● EXERCISE AIM: Once the line containing "Palm Angels Yellow" is found in the records below, return it and each following line exactly, up to and including the line containing "Alt view image", and nothing else.

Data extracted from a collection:
== Segment start ==

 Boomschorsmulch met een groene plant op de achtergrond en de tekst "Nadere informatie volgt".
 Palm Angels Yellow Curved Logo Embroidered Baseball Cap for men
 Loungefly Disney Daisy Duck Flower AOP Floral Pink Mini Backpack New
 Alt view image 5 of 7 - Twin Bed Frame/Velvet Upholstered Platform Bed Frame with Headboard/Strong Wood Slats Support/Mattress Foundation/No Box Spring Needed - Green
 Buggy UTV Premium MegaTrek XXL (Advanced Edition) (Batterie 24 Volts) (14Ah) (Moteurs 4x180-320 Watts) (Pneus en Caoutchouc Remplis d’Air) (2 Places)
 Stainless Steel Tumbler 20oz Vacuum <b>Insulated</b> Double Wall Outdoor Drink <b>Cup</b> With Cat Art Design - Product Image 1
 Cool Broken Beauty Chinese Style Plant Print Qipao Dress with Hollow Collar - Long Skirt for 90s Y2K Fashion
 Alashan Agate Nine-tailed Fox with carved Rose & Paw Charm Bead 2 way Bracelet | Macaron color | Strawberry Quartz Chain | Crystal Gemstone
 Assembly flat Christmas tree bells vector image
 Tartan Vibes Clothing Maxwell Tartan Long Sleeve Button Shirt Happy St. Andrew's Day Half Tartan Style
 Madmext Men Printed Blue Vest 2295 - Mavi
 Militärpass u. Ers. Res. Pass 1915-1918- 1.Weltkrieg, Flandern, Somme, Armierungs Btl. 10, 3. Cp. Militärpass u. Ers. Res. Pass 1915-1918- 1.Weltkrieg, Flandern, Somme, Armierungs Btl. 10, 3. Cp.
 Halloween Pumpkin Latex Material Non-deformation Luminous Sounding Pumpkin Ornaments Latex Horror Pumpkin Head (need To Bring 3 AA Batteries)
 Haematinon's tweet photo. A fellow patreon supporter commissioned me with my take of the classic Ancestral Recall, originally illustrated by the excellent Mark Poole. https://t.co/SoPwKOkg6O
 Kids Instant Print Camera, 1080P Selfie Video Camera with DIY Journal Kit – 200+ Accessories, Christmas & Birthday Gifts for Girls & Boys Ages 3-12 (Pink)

== Segment end ==

● TASK ANSWER:
 Palm Angels Yellow Curved Logo Embroidered Baseball Cap for men
 Loungefly Disney Daisy Duck Flower AOP Floral Pink Mini Backpack New
 Alt view image 5 of 7 - Twin Bed Frame/Velvet Upholstered Platform Bed Frame with Headboard/Strong Wood Slats Support/Mattress Foundation/No Box Spring Needed - Green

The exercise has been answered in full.